ACTIVITY:
Note every line in the entries that contains the string "Mesh", and copy it.

Data items
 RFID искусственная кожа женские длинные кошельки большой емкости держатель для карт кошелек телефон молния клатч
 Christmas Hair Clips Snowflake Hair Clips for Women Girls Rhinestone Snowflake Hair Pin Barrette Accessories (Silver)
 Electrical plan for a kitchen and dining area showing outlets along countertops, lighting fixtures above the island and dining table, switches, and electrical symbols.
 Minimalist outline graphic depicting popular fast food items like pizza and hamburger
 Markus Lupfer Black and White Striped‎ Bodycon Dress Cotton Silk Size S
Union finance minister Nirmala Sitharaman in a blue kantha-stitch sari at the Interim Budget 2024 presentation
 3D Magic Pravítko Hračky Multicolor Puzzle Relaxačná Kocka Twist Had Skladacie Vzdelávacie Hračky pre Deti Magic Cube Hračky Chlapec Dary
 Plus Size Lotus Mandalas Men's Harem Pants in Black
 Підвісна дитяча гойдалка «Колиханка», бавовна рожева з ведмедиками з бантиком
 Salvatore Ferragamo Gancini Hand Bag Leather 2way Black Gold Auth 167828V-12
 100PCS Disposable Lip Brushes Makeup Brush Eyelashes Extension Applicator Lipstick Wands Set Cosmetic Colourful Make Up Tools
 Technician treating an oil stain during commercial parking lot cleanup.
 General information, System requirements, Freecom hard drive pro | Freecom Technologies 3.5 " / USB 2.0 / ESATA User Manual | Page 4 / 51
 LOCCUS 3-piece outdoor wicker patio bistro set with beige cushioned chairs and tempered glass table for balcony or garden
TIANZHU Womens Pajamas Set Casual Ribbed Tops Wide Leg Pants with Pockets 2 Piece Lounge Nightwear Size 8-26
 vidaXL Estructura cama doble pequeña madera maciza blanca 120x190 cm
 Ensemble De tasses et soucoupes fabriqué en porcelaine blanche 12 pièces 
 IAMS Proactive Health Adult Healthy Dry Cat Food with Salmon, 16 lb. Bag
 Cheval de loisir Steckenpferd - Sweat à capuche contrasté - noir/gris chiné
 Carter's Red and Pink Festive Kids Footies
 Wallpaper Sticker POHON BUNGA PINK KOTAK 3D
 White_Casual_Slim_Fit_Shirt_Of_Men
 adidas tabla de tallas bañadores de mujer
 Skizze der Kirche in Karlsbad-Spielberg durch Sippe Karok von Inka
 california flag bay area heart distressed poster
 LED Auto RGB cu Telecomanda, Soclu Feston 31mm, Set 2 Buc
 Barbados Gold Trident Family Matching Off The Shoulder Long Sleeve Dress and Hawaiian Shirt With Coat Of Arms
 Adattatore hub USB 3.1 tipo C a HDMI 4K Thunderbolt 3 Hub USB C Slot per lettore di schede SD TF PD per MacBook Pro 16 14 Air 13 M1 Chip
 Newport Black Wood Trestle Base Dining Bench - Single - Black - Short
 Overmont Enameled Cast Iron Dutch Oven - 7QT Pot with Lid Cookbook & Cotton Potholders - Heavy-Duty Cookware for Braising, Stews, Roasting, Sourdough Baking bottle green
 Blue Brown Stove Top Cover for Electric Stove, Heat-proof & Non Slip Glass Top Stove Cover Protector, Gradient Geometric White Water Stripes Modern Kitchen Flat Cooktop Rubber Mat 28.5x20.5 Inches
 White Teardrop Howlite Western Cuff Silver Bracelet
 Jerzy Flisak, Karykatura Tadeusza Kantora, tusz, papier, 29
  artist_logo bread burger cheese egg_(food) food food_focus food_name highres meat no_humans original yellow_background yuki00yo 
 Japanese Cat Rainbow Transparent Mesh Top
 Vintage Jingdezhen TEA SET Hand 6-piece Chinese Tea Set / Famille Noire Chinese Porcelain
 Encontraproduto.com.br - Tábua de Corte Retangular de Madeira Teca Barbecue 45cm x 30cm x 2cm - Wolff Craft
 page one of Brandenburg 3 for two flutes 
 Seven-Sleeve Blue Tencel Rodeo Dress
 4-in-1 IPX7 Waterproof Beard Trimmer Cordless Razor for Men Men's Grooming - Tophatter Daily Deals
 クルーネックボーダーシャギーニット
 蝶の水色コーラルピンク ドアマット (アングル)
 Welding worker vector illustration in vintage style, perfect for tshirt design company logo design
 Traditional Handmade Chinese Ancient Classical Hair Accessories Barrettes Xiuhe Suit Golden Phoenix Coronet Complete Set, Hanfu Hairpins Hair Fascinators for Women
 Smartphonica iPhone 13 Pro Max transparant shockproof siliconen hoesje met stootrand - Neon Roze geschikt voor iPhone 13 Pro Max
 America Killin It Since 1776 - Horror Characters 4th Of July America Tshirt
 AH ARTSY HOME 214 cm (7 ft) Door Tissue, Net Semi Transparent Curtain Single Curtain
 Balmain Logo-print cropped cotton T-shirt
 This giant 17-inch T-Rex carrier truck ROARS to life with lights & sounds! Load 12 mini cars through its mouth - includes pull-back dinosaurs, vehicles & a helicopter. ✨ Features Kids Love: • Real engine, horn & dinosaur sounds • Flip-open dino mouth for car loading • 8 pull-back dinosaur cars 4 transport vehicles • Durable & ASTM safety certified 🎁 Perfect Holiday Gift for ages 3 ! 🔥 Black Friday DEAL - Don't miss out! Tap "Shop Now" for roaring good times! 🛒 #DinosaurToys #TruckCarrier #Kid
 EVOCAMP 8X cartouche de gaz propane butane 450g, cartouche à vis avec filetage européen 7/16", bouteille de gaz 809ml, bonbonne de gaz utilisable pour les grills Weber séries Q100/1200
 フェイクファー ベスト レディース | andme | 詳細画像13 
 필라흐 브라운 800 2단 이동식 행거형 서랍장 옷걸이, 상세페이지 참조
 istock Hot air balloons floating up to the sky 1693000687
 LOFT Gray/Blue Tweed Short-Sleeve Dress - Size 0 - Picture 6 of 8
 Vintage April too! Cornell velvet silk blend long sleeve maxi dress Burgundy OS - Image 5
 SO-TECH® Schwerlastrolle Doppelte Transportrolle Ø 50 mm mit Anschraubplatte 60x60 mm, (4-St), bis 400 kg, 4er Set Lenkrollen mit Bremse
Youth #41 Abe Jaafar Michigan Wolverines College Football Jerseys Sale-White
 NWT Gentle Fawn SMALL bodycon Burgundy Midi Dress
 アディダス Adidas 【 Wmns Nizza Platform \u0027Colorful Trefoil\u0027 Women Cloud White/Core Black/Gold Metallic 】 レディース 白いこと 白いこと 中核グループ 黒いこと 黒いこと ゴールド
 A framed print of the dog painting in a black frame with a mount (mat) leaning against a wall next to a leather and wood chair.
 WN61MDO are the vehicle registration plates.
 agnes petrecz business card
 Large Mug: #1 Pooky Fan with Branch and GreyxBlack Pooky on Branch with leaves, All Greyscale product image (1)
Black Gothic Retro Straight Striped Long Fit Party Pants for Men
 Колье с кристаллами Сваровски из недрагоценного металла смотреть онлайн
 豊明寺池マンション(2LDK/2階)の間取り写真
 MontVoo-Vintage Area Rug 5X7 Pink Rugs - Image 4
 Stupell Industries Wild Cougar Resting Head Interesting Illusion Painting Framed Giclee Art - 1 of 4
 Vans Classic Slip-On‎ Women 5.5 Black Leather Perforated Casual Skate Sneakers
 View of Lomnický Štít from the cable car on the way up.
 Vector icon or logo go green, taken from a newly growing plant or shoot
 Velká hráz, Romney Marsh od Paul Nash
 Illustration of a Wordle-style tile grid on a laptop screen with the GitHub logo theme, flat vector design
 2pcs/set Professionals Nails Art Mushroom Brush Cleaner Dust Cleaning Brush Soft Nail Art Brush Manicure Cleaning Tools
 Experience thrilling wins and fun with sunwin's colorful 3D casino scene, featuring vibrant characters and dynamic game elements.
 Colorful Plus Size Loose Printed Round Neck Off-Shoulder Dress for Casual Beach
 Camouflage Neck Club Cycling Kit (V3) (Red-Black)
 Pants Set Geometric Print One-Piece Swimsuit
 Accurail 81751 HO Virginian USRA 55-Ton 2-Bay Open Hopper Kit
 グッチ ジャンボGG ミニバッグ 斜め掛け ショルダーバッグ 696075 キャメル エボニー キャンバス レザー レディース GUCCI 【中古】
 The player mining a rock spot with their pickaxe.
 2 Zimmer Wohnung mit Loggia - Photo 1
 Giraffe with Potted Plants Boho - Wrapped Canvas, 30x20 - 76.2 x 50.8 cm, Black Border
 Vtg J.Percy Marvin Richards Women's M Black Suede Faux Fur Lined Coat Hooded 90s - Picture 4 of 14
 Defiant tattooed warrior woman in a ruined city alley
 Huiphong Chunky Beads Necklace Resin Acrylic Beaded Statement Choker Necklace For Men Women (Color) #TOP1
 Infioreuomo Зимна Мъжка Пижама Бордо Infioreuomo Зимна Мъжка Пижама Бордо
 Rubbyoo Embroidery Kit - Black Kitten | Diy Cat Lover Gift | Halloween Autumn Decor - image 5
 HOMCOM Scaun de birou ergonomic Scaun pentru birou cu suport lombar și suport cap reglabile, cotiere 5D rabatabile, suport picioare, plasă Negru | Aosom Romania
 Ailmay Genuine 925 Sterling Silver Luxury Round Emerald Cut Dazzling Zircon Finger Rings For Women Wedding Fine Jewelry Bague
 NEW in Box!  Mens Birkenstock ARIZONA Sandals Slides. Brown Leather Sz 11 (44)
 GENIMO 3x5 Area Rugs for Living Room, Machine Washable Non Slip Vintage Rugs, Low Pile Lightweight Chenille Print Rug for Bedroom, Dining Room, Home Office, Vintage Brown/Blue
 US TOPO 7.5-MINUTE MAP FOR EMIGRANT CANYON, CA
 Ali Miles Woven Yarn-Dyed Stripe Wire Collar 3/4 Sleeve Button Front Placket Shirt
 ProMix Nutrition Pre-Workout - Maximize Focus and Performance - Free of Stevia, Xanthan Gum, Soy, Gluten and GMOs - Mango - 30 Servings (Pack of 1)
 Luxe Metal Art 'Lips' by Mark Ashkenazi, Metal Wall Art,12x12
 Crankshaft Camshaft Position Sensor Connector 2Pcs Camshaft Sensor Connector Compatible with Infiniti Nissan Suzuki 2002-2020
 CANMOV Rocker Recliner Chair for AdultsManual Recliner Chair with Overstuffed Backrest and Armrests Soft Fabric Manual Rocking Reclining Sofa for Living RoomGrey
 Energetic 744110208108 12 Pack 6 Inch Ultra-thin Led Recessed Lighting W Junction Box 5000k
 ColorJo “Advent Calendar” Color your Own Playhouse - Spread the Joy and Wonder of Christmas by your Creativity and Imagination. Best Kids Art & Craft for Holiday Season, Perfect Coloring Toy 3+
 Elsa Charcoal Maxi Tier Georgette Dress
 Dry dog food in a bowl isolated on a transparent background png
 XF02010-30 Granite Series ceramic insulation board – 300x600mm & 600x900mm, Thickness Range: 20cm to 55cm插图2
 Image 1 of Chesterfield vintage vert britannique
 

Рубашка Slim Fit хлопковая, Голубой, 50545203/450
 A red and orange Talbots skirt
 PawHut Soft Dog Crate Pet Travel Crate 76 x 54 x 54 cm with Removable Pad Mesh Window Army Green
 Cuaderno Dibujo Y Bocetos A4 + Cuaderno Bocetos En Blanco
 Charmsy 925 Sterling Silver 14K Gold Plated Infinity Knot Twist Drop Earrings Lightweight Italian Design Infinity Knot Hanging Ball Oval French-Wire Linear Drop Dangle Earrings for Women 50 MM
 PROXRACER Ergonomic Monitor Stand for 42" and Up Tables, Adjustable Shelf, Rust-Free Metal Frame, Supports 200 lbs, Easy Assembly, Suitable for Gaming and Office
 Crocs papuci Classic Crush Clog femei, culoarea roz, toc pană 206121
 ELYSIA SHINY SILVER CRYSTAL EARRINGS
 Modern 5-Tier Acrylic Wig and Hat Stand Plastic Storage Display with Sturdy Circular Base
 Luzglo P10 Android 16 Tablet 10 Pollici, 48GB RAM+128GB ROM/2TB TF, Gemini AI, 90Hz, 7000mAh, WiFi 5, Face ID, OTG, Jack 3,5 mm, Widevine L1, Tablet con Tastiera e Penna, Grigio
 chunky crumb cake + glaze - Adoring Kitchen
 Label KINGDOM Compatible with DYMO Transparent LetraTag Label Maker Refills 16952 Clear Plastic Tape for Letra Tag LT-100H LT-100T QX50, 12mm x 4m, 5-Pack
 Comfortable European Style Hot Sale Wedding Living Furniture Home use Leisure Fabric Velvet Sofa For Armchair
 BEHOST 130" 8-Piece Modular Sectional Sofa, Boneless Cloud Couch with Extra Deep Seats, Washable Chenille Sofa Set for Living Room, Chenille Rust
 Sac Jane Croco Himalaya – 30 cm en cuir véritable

EXERCISE ANSWER:
 Japanese Cat Rainbow Transparent Mesh Top
 PawHut Soft Dog Crate Pet Travel Crate 76 x 54 x 54 cm with Removable Pad Mesh Window Army Green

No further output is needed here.